Rancid notes: lipid oxidation → upgrade packaging barrier, lower storage temperature, shorten holding time.
Caking/lumps in flour: high RH → dehumidify, add secondary desiccants, adjust fineness.
Oil bleed in doughs: excess fat or shear → rebalance dry phase, reduce work, or substitute part with defatted flour.

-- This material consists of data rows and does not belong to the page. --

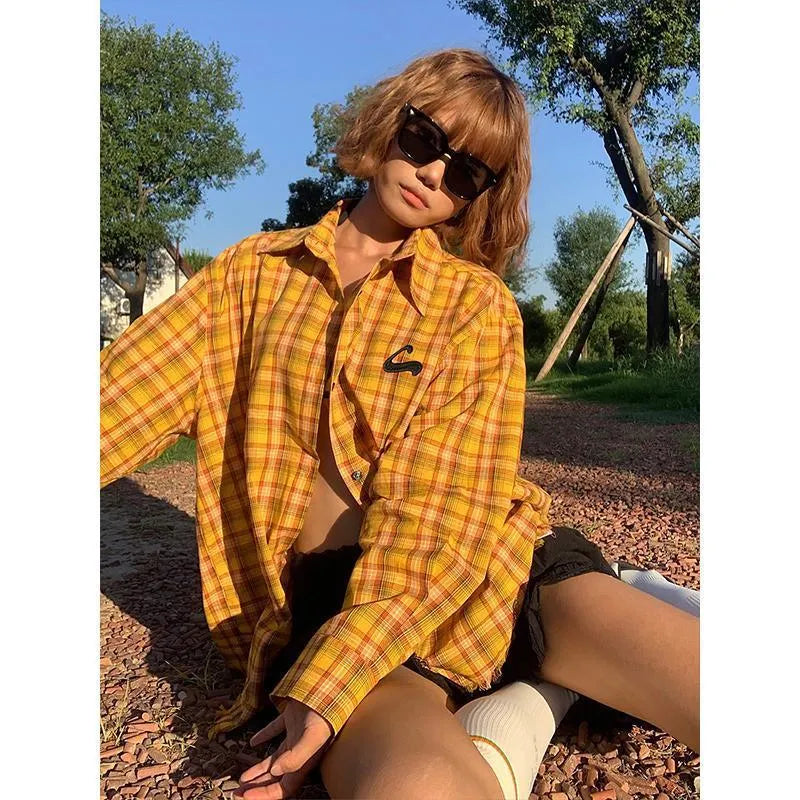Dopamine Yellow loose fit plaid shirt for men and women on a hanger.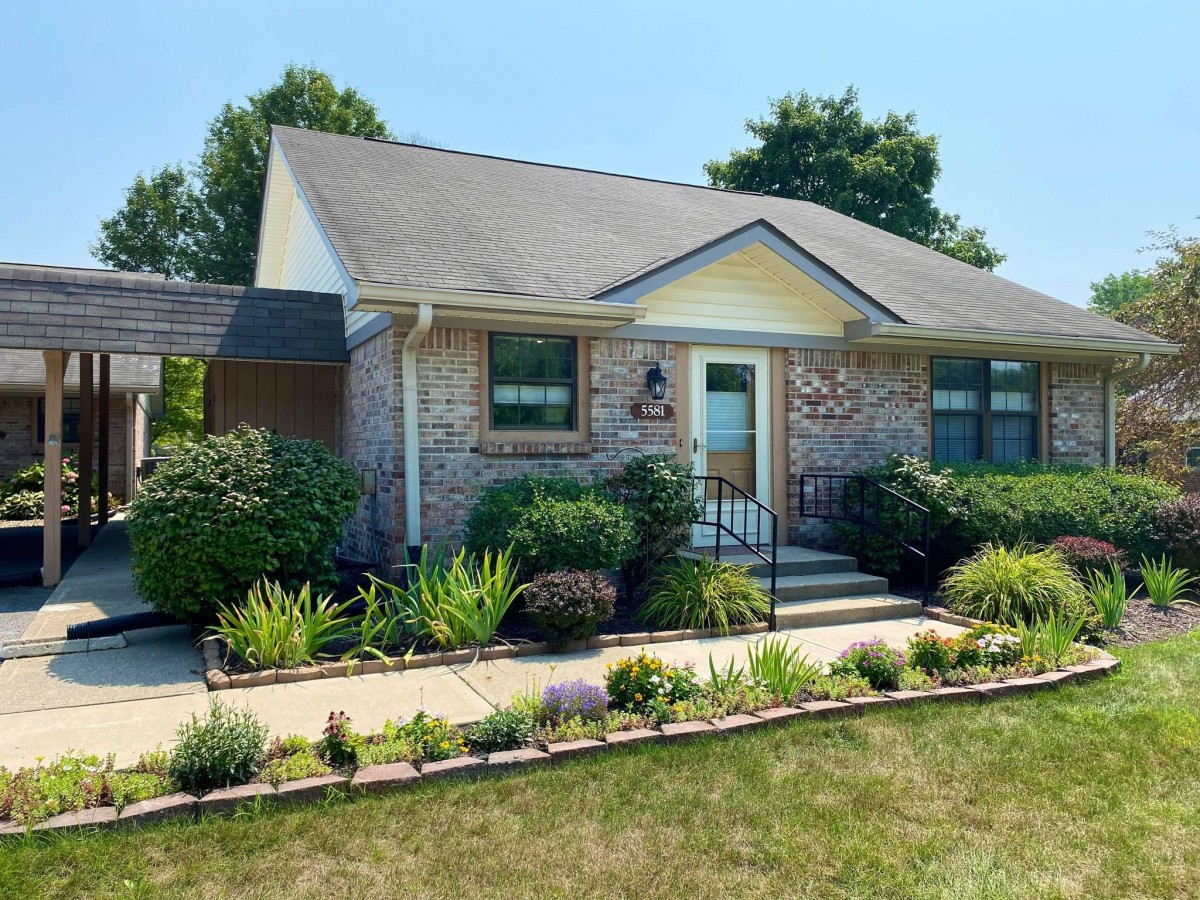 A charming brick house with well-maintained landscaping on a sunny day.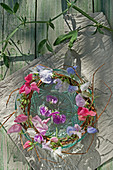 Wreath of willow branches and sweet peas on a glass bowl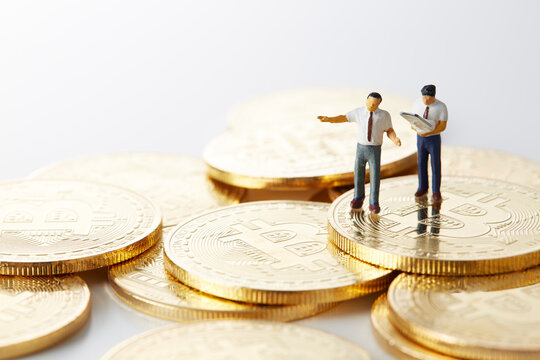 ビットコインの上のミニチュアのサラリーマン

Sustainability and supply chain
Apricot kernels valorize a by-product of apricot processing (pits), reducing waste. Managing cleaning/milling effluents against BOD/COD targets and using recyclable packaging improve environmental performance. Traceable sourcing and farmer support programs strengthen quality and resilience.

Conclusion
Apricot kernels—particularly the sweet type—offer a distinctive almond-like profile and useful functionality in bakery and fillings. Product quality depends on varietal selection, control of bitter components, target milling fineness, and proper storage; rigorous safety management ensures consistent sensory performance and reliable use.

Mini-glossary
MUFA — Monounsaturated fatty acids: Generally favorable for oxidative stability and lipid profile (e.g., oleic acid).
PUFA — Polyunsaturated fatty acids: Beneficial but more prone to oxidation (e.g., linoleic acid).
SFA — Saturated fatty acids: To moderate; health impact depends on the overall diet.
CNG — Cyanogenic glycosides: Plant compounds that can release cyanide through enzymatic hydrolysis.
HCN — Hydrogen cyanide: Toxic species liberated from CNG; must remain within regulatory limits where applicable.
aw — Water activity: Fraction of “free” water available for reactions and microbes; lower aw improves stability.
RH — Relative humidity: Percentage of water vapor in air; high RH promotes caking and quality loss.
GMP — Good Manufacturing Practice: Procedures and controls ensuring hygiene, consistency, traceability, and quality.
HACCP — Hazard Analysis and Critical Control Points: Preventive food-safety system identifying hazards and defining CCPs, limits, monitoring, corrective actions, and verification.
CCP — Critical control point: A step where control prevents, eliminates, or reduces a food-safety hazard to acceptable levels.
FIFO — First in, first out: Inventory rotation principle—use the oldest lots first to preserve quality.
BOD/COD — Biochemical oxygen demand / Chemical oxygen demand: Indicators of organic load in effluents; higher values signal greater pollution potential.